** EXTRACTED MATERIAL follows **

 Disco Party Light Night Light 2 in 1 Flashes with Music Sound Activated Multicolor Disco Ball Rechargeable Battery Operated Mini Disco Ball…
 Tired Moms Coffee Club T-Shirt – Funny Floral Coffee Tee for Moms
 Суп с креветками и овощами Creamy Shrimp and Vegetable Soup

** End of EXTRACTED MATERIAL **
** EXTRACTED MATERIAL follows **

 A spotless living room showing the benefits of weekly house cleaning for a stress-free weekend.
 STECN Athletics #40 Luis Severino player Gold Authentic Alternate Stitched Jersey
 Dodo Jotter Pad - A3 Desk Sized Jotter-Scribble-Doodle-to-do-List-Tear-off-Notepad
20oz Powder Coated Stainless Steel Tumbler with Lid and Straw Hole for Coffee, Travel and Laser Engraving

** End of EXTRACTED MATERIAL **

→ TASK PROMPT: Copy each line holding the word "Coffee" from the listing above.

→ EXPECTED OUTPUT:
 Tired Moms Coffee Club T-Shirt – Funny Floral Coffee Tee for Moms
20oz Powder Coated Stainless Steel Tumbler with Lid and Straw Hole for Coffee, Travel and Laser Engraving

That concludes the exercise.